BVC - women and brewing -Reply
Chuck.Graves at faa.gov
Fri Apr 2 10:35:10 PST 1999
>>2) Since women in the Middle Ages were the primary >brewers -- why aren't
>>more women in the SCA >interested in brewing? What prompted this
>>>disinterest? Is brewing in the SCA truly a "MAN's" >Activity? (grin)
>I believe that beer is more of a "man's" drink now than in the Middle Ages
>where everyone including children drank beer (or ale) with every meal
>including breakfast (with the possible exception of the rich who drank
>wine).

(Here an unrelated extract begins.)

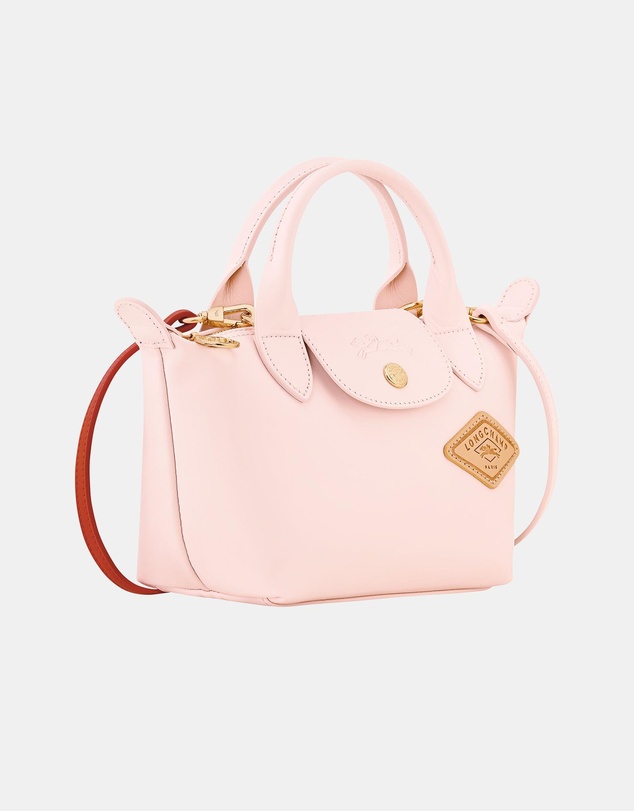Longchamp - Le Pliage Passeport Leather Handbag - XS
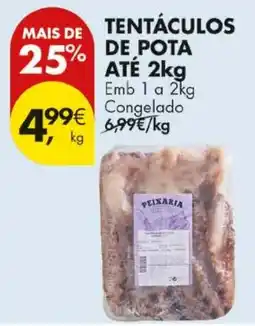 Pingo Doce Tentáculos de pota promoção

For that reason, brewers may be more likely to be male.
That's true given beer but what about the wine and meads.... true
most of the woman in the Sca tend to lean more towards wines, liqueurs and
meads. There are less women brewers in Ansteorra than fingers on my
I would also venture that you should consider yet another aspect: when
did brewing become more predominantly a guild activity? Perhaps the
masculine angle comes from both general consumption (how many women
generally frequented the taverns?) and public production (how many women
were part of the brewing guilds?)
>The only women at such activities tend to be the significant others of male
>homebrewers. If we lived further north where fruits and berries were more
>common, we may would see more women as vintners.
Is that true? I know Isabella or ork, who has been posting
recently on this list is from the Eastern area. Are there more brewers in
the Northern part of the US who are brewers. Is Ansteorra, unusual for the
amount of brewers. Personally I don't think so since Isabella mentioned
she was happy to talk to another female brewer (during Gulf War) How many
Brewers are in Ansteorra that are female?
There seem to be more North and East of Ansteorra; however, these areas
are also more populace. The general mix of men and women in brewing,
vintning, and mazing you see in Ansteorra is present from here to the
East Coast. My principal experience is Atlantia and the East Kingdom.
It is also my experience from judging competitions at Pennsic.
And these are brewers not cordiallers.... that would change the
Most definitely. For my part, I believe you should always include
the cordiallers. They are all brewing arts to me. I know others
feel it is not brewing unless the active cultivation of yeast is
involved...to each his own. I also consider vinegars a part of the
brewing arts (of course, not usually the prouder aspect of our art).
In fact, the Interkingdom Brewers Guild recognizes the following
areas: 1) beers and ales; 2) wines, ciders, and cysers; 3) meads,
metheglins, and melomels; 4) cordials and liqueurs; 5) exotic drinks
(e.g., kumis and kefir); 6) vinegars and 7) distilled beverages (I
know, I know--an all-American no-no).